Para a recuperação extrajudicial há outras exigências que, conforme o artigo 161 e seguintes da Lei n.º 11.101/2005, devem ser observadas de forma cumulativa com o artigo 48, que trata dos legitimados para a recuperação. A medida deve estar alicerçada no princípio da igualdade de tratamentos entre credores, respeitando preferências; ao princípio da lealdade que está atrelado à boa fé e, por último, ao princípio da preservação da empresa, que visa a manter a função econômico-social por ela exercida.
Apesar do total de recuperações extrajudiciais ser inferior, se comparadas com as judiciais, a medida se mostra eficiente. Um exemplo disso é a TECIS Tecnologia e Sistema Avançados S.A, que atualmente se consolidou como uma das principais fornecedoras de pás para o setor de energia eólica do mundo, com mais de 51.000 pás instaladas mundialmente.

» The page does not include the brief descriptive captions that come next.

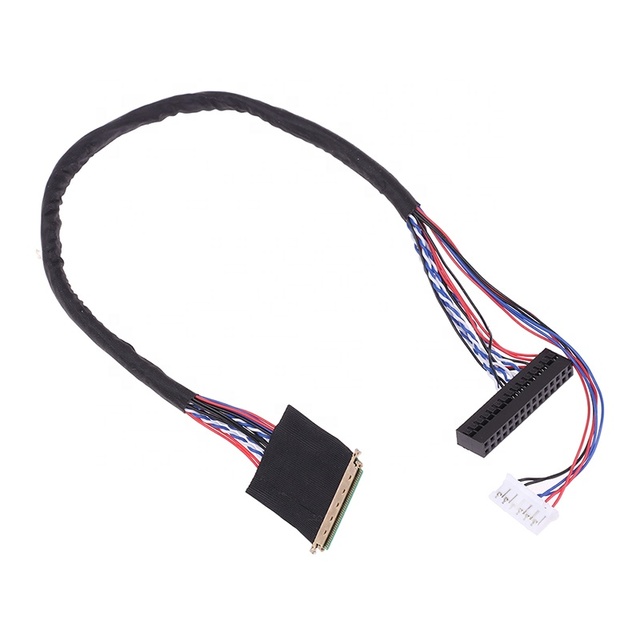40 Pin LVDS Cable 1 Channel 6 Bit LCD LVDS LED Screen Display Cable 25CM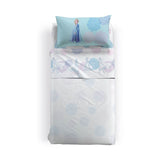 Frozen Blu Elsa completo lenzuola primaverile caleffi disney in cotone per letto singolo
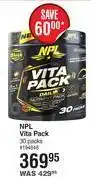 Dis-Chem Npl vita packs 30 packs offer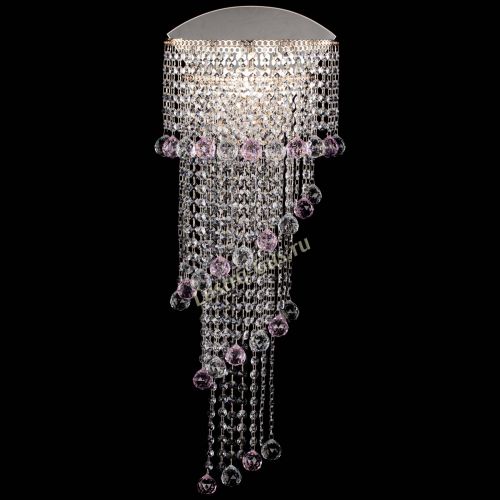 Бра Пирамида №6 розовая в Саратове Гусь Хрустальный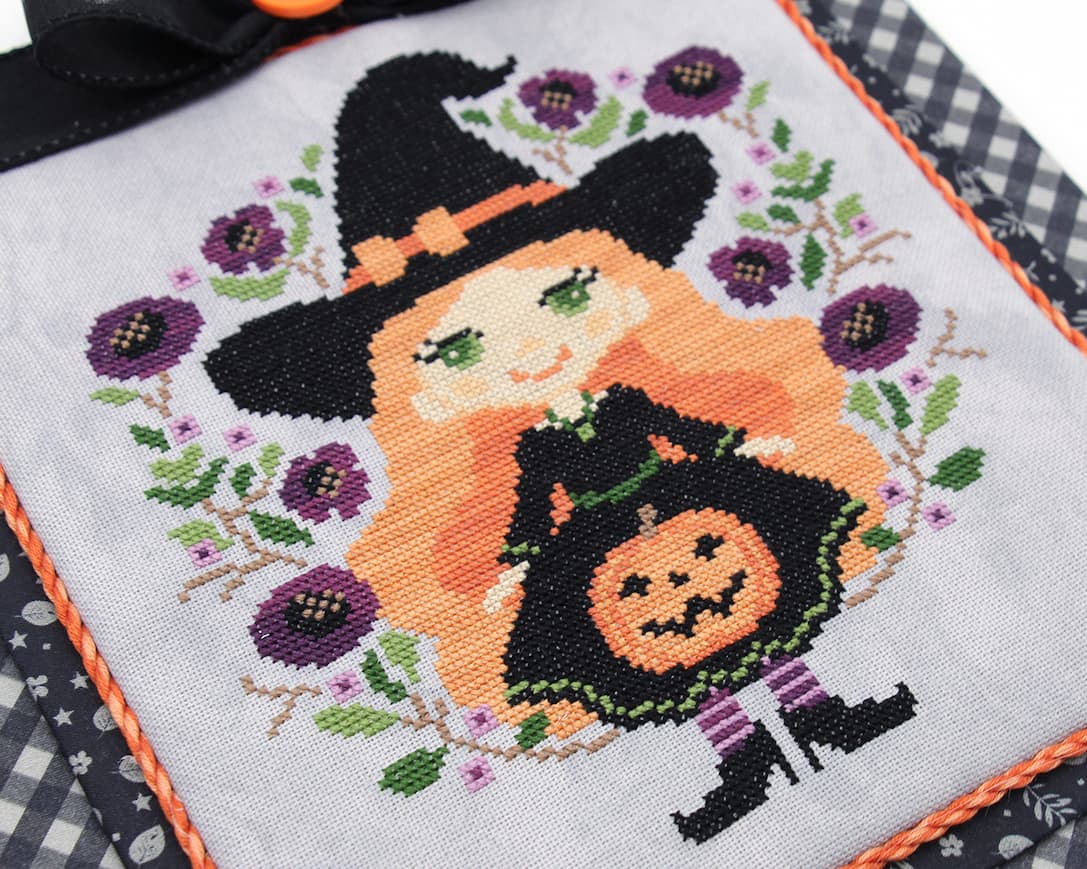Ember the Flower Witch - Cherry Hill Stitchery - Cross Stitch Pattern [Needlework Marketplace 2025]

A empresa mencionada requereu, em 2017, a homologação de pedido de plano de recuperação extrajudicial com dívidas que chegavam ao montante de R$ 770.854.505,42. O processo n° 1096653-48.2017.8.26.0100, que tramitou perante a 2ª vara de Falências e Recuperações Judiciais da Comarca de São Paulo, teve a homologação do plano em setembro de 2018, evitando, assim, o encerramento das suas atividades no País.
O interessante é que a atual redação da ei nº 11.101/2005 permite a inclusão do credor trabalhista, desde que existente negociação coletiva com o sindicato da competente categoria profissional. Antes tal medida era permitida apenas para a recuperação judicial, o que impossibilitou que a TECIS incluísse os credores trabalhistas no plano de recuperação extrajudicial.
De todo modo, em uma análise geral, a recuperação extrajudicial possui vantagens que a judicial não oferece. As alterações trazidas pela Lei n.º 14.112/2020 mostram isso.
Recuperação Extrajudicial | Recuperação Judicial |
• Negociação do seu passivo diretamente com um ou mais grupos de credores. • Aprovação do plano de recuperação, por pelo menos 3/5 dos credores, observado o parágrafo 7° do art. 163 da Lei de Falências. • Proteção do Stay Period, que antes só tinha previsão legal para a recuperação judicial, o que acabava mitigando a recuperação extrajudicial. • Permissão à sujeição de créditos de natureza trabalhista a acidentária. | • Nomeação de administrador judicial de confiança do juízo responsável pela comunicação com os credores. • Vinculação de prazos para impugnações dos credores ao plano. • Aplicabilidade do Stay Period pelo prazo de 180 dias, prorrogável por igual período. • Subordinação à morosidade do Poder Judiciário. • Monitoramento do administrador judicial, com prestação de contas periódicas ao poder judiciário, por dois anos. |
Certo é que o instituto da recuperação extrajudicial é facultado a empresários individuais e sociedades empresárias, não se estendendo a empresas públicas e sociedades de economia mista, por exemplo. Ademais, nem todos os créditos podem ser objeto de contrato, estando excluídos os créditos de natureza tributária, os que são decorrentes de adiamento a contrato de câmbio para exportação ou aqueles previstos no parágrafo 3° do art. 49 da lei 11.101/2005.
De maneira geral, as vantagens da recuperação extrajudicial são evidentes, mas sua utilização deve ser observada caso a caso, por meio de assessoria jurídica empresarial especializada. Acertada sua utilização, será permitido à empresa em recuperação uma retomada lucrativa e muito menos custosa, equilibrando o interesse dos envolvidos e reinserindo-a com fôlego para a retomada de suas atividades econômicas.